Dans la perspective socioconstructiviste privilégiée par l’école québécoise, la culture religieuse doit aussi permettre aux élèves de développer leurs capacités à repérer diverses expressions du phénomène religieux (tels que des édifices, des oeuvres d’art, des noms de rues, des fêtes, des pratiques alimentaires ou vestimentaires, des valeurs individuelles ou collectives, etc.), à être en mesure d’expliquer leur signification ainsi que leur fonction, et à établir des liens pertinents avec les univers socioculturels dans lesquels ces manifestations du religieux s’enracinent et évoluent. À cet égard, la mise en contexte historique et socioculturelle des éléments du religieux étudiés est particulièrement importante afin d’éviter des représentations monolithiques des religions. Il est essentiel pour l’agir social, tout particulièrement dans une société très diversifiée sur le plan axiologique, d’être capable de prendre en compte la diversité des façons de penser, d’être et d’agir, tant à l’intérieur d’une même tradition religieuse, entre différentes religions, qu’entre les religions et les visions séculières du monde.

Il faut ici mentionner que la compréhension du phénomène religieux constitue une compétence parmi les trois visées par le programme, les deux autres étant le développement de la réflexion sur des questions éthiques afin d’acquérir une pensée autonome et critique, et la pratique du dialogue argumenté qui, par la délibération intérieure et les échanges interactifs avec les autres, permet de développer des attitudes favorables au vivre ensemble (MELS 2008).

L’un des objectifs de la culture religieuse est de permettre aux élèves québécois d’avoir une meilleure compréhension de la société dans laquelle ils vivent. Aussi, étant donné leur importance historique, une place privilégiée est accordée aux traditions chrétiennes (principalement au catholicisme et au protestantisme). Par souci d’équité et de représentativité, il est aussi question du judaïsme et des spiritualités des peuples autochtones, tout en faisant place à la diversité des convictions religieuses (islam, hindouisme, bouddhisme) et des conceptions de la vie bonne (représentations séculières de l’humain).

Le sociologue québécois Fernand Dumont (1968 ; 1987) a développé une théorie de la culture fondée sur le rapport dialectique entre la culture première — celle donnée à tout individu (croyances, coutumes, valeurs, langage, nourriture, vêtements, etc.) et transmise par sa famille et sa société — et la culture seconde — celle qui permet grâce à la découverte des grandes réalisations humaines et civilisationnelles dans l’univers des arts, des lettres, des sciences et techniques et de la philosophie, de donner du sens à la culture première, par une mise à distance de celle-ci. Des mythes, des codes juridiques, des idéologies, des institutions, des oeuvres littéraires et artistiques, des productions scientifiques, les écrits de Platon ou les compositions de Jean-Sébastien Bach « nous persuadent qu’il y a une histoire de l’humanité » (Dumont 1987). Aussi, la culture seconde rend possible une compréhension de soi, de l’autre et du monde, en élargissant l’horizon des individus. Il est à noter que ces deux formes de culture ne sont en aucun cas figées, mais au contraire, demeurent interpénétrées tout au long de la vie des individus. Toujours selon Dumont (1971), toute éducation repose alors sur une mise en perspective éducative de la culture première, et l’école constitue un des lieux privilégiés du développement de cette culture seconde.

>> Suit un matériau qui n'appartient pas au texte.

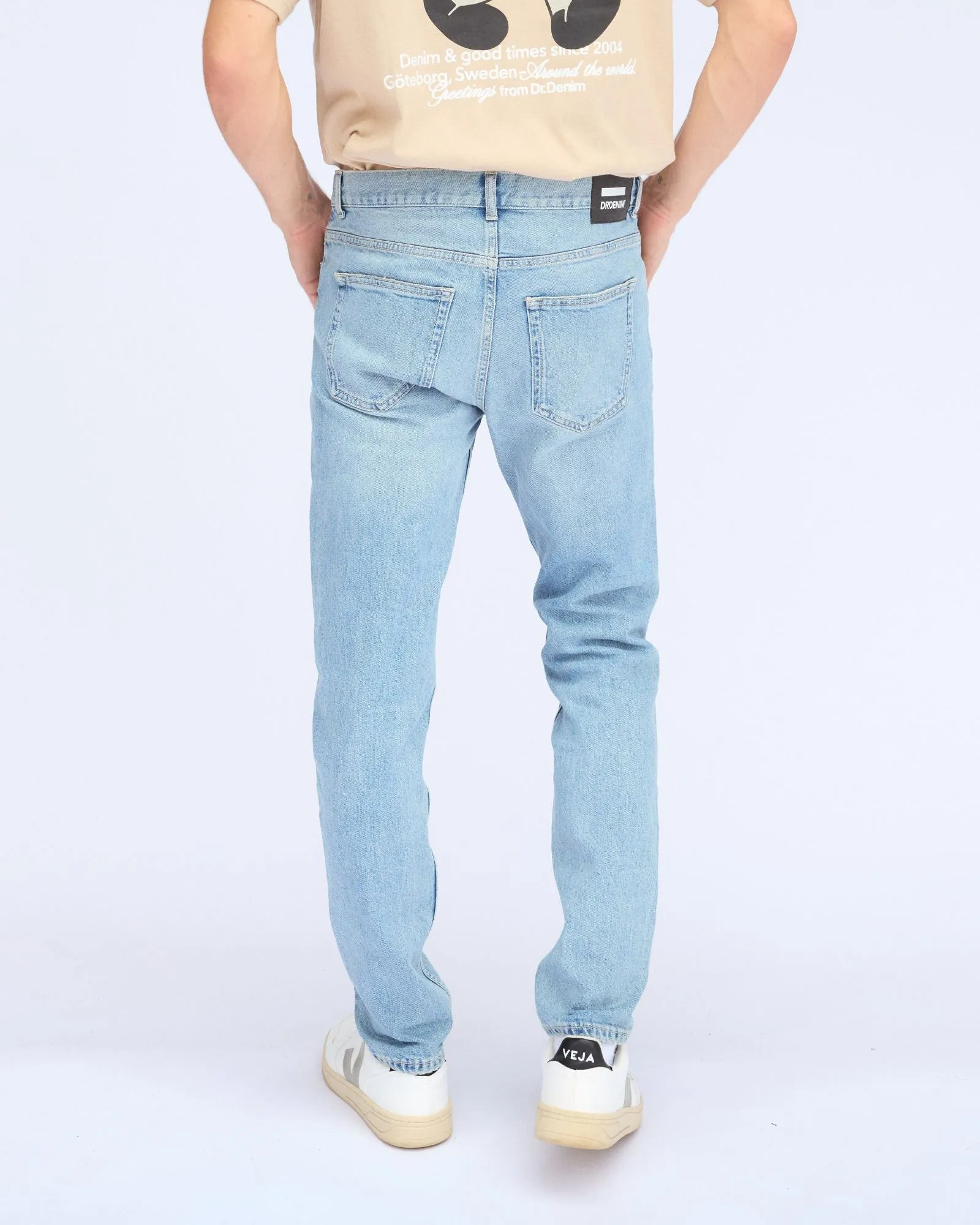 Clark Slim Jeans - Rubble Light Vintage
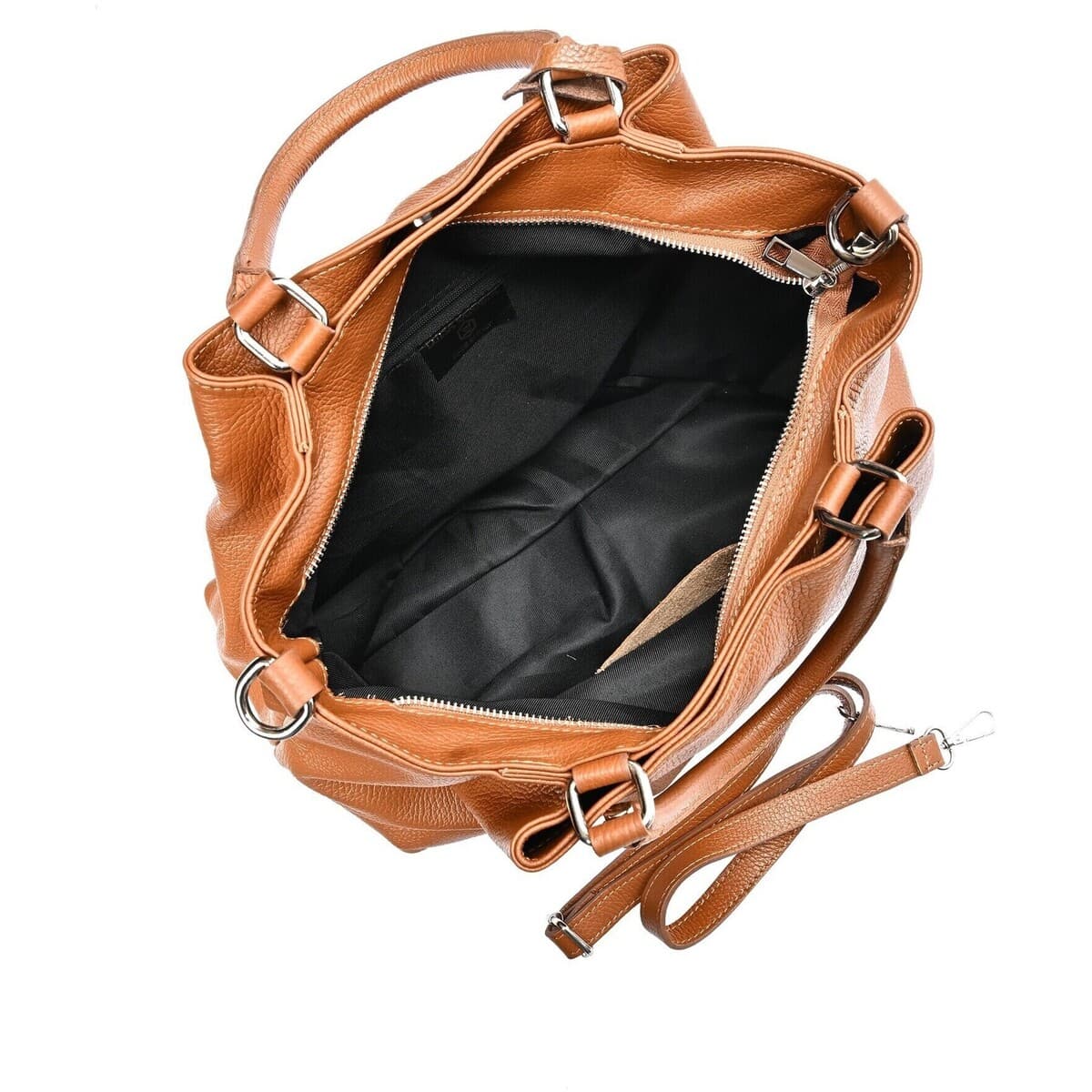 Women's Handbags Luisa Vannini Brown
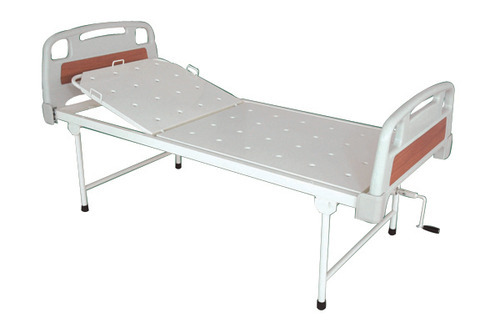 Polished Mild Steel semi fowler hospital bed, Feature : Corrosion Proof, Durable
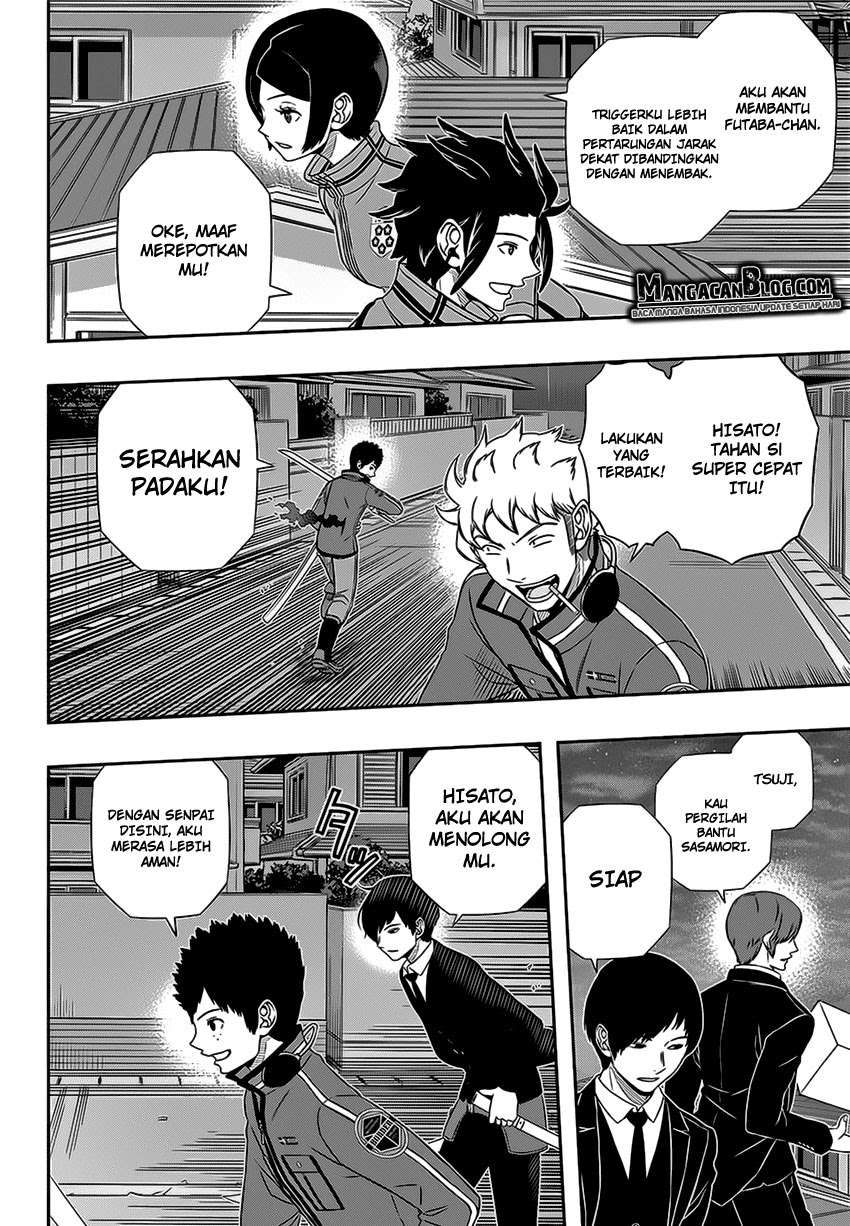 World Trigger Chapter 129 Gambar 9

À bien considérer les choses, la culture religieuse se situe précisément à la jonction de la culture première et de la culture seconde. Dans son acception anthropologique, la culture religieuse renvoie à diverses conceptions de la vie bonne, à des systèmes de croyances, de pratiques, de règles de vie, à des façons de s’alimenter, de se vêtir, et d’interagir. Dans son acception classique, qualifiée parfois aussi d’humaniste, où la culture est vue comme la « totalité universelle des oeuvres dignes d’être conservées » (Kambouchner 1995), la culture religieuse renvoie à un ensemble de connaissances sur des réalités diverses au fil du temps et de l’espace, mais aussi à un patrimoine universel, tant matériel qu’immatériel, fait de lieux, de réalisations artistiques aussi bien que de valeurs et d’expressions. La culture religieuse permet donc de mettre en relation signifiante des éléments de la culture première des élèves, dans leur diversité, en s’appuyant sur les témoignages qu’ils souhaitent donner et sur leurs questionnements, sans pour autant pratiquer d’assignation identitaire, avec des éléments de la culture seconde, en opérant une mise à distance de leurs appartenances, une découverte d’autres univers spirituels de sens que celui qu’ils connaissent et, plus largement, d’un riche patrimoine universel.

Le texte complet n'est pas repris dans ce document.